“Love’s wings are wonderous swift/When hanging feathers lift./Why hath Love wings,/Great pinions strong of curve?/His wild desires to serve;/To swoop on the prey,/And bear it away,/Love hath wings.”(12)
This stanza from page 12 of Beneath the Bough hooked me into the rest of the poem. The personification of Love and its possession of wings conveys the complex nature of love instead of perfect, idealized love. Love having wings might draw to mind images of blissful couples or Cupid (or Eros as they refer to him throughout the book) flying around shooting love arrows. This initial idea concludes that love only brings joy, but Michael Field (aka Bradley and Cooper) uses that personification to explore the other side of love as well. Field develops a fuller view of the emotions of love and their implications for lovers.
If Love’s wings are “wonderous swift,” it can easily overtake anyone who tries to escape it (12). This conjures up images of Love attacking helpless targets. In this case, lovers have no control and Love is far more dangerous. When Field describes Love as a bird of prey, with its mighty wings that are “strong of curve,” it once again shifts the view of Love as a wonderful feeling that people can experience to an overwhelming force that you cannot escape or be free of by choice (12).
The line “his wild desires to serve” is particularly interesting to me because it goes a step further from taking agency away from those who love possesses and takes agency away from Love itself — he is slave to his own desires (12).
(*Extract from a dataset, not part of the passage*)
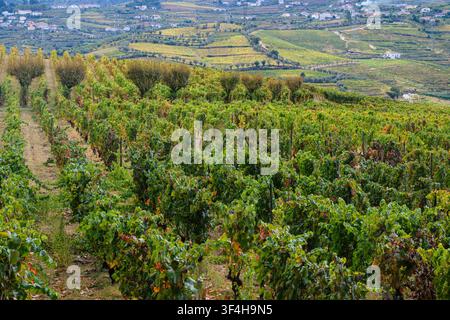 Vignobles, domaine viticole Quinta da Pacheca, Portugal Banque D'Images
This version of love starts to sound increasingly more like brainwashing and imprisonment and less like passion and commitment. As love “swoops” down and snatches up its victims, it takes them “away” (12). Like an eagle that swoops down to catch a mouse, the intent is clear: the prey will be taken away from life i.e., itself. It then follows that the state of love takes a person away from themselves. They are so captivated by what they feel that they are pulled from their own being. Field turns an idiom about love on its head with these contrasting descriptions and defies common conceptions of love.
This first stanza sets the tone for the rest of the page. Essentially, after the first stanza, you know that winged Love is not what it seems. Love may lift you above the clouds, but it might also drop you to your death. The rest of the verse shows that these aspects of love affect everyone indiscriminately which speaks to the nature of the poem overall. There is no line that says, “I loved Jack, but he broke my heart.” Instead, Love lifts the “forlorn”, but it is quick to “scorn” them as well (12). It takes away the personal details to explore the personal experience that is so uniquely human. The ups and downs of love affect us all, even if it may seem different for each. In my readings, I observed that the dynamic, multifaceted descriptions of Love in this poem contribute to that message.